A Note on the Value of Elections

Traditionally, even the greatest supporters of liberal society have been wary of the democratic value of elections. The American constitution (article 2) created a system of electors in order to ensure that the presidential elections were slightly removed from a purely popular vote. The well-known European thinker, Edmund Burke, has the following to say about the value of popular elections:
To govern according to the sense and agreeably to the interests of the people is a great and glorious object of government. This object cannot be obtained but through the medium of popular election; and popular election is a mighty evil. . . . They are the distempers of elections that have destroyed all free states. ("Speech on a Bill for Shortening the Duration of Parliament")

Despite such warnings, our contemporaries appear to have come up with the idea that democracies are constituted by and only by popular election. Thus we learn that Egypt is democratic, Iraq is democratic, and even Palestine (though it is not yet even a country) is democratic.
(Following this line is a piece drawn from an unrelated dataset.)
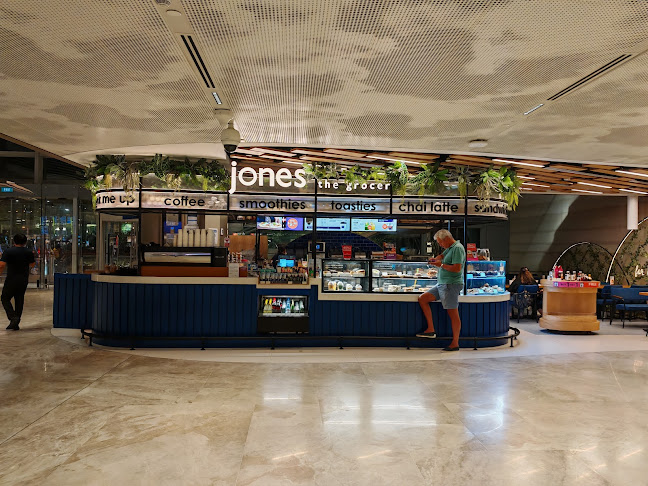 Opinii despre Jones The Grocer Express în Singapore - Hospitality and gastronomy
By the way, the list of parties running in the Palestinian elections would make anarchists blush. This list I have found (source) includes five parties:
  1. Fatah

  2. Hamas

  3. People's Front for the Liberation of Palestine (PFLP)

  4. Third Way (for people who have grown disillusioned with Fatah, but are reluctant to endorse Hamas' program)
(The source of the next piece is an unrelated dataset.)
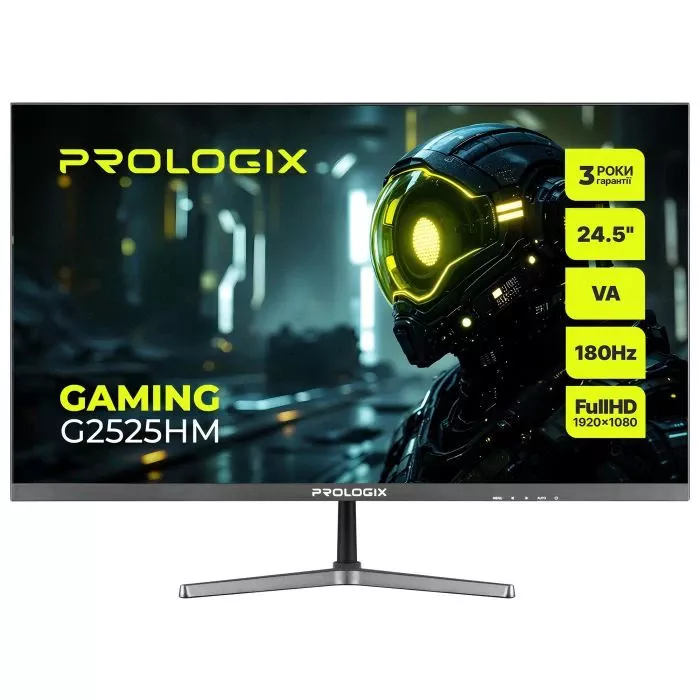 Монітор Prologix G2525HM (UA)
  5. Independent Palestine (headed by Mustafa Barghouti)
Three of those parties are well known terrorist organizations. The other two appear to be made up of independent terrorists. If these are the representatives of a democracy, there may be more "distempers" to worry about than those caused by the elections.

Wednesday, January 18, 2006

All of the Fun

none of the shvitz. It's Oren and Miriam wedding photos.

Tuesday, January 10, 2006

Wide or Narrow?

I am fasting today, and thus I am not entirely there (and I really wanted to see Apple announce the 13.3" iBook that they did not. Bummer.) so please excuse this post if it is not to your liking. On my last day here at Schumer's I have been listening to the Alito hearings and have been tuning in and out (More out than in during the MacworldExpo Keynote Address). I did catch something this morning something that caught my interest. Alito opined that his judicial philosophy would instruct him to rule, "not going to broader grounds when a narrower is a fair one." Why is that the case? Why should we think that Occam's Razor should apply to law (i.e. simpler is better)? I could image that lovey-dovey liberal environmental laws were enacted to evoke the most liberal reading possible. Why then should they be interpreted narrowly?

Reality Check on Douglas

While I will never be able to compete with the storied writings of Yo Miss! but I still think cataloging things kids say is important.
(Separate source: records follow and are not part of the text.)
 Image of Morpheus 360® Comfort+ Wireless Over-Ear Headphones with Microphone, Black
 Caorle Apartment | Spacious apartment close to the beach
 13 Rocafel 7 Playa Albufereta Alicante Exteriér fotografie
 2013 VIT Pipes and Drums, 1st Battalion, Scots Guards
I substituted at Kadimah last week, the local day school, and I stayed to help out in the extended-day program. Sitting at a table of third and fourth graders reading a wonderful short work by Justice William O. Douglas "Points of Rebellion," I was trying to explain how important Justice Douglas was to those present. One of the kids interjected, "Well, my parents are still divorced."

Man, she schooled me.

Mmmmmmm. Shwarma

"In an attempt to stimulate the senses of ailing Prime Minister Ariel Sharon, well-wishers brought [shwarma] into his hospital bedroom at Hadassah En Kerem" (JPost). This well wisher also tried to bring Sharon a delicious laffa full of shwarma (with pickled eggplant and hummus). Unfortunately the shwarma looked so good that I ate it on the way to the hospital. Mmmmmm shwarma.

Monday, January 09, 2006

Mazal Tov

to Dave and Tikva Levitt on the birth of a baby boy on Friday. Bakol mikol kol, as they say.

Monday, January 02, 2006

Why I want to go to Penn

After:
A. Finishing 7 grad apps of my own and
B. finishing 3 college apps for my brother and
C. the imminent prospect to moving to the Penn campus

I found this Doonesbury hysterical

If one wishes to meet the king of Sweden, I can recommend better colleges to attend.

The Presidential Hanukah Bush


This is the Hanukiah in front of the President's House in Jerusalem.
Between the Hanukiah and the presidential entryway, one can see a bush.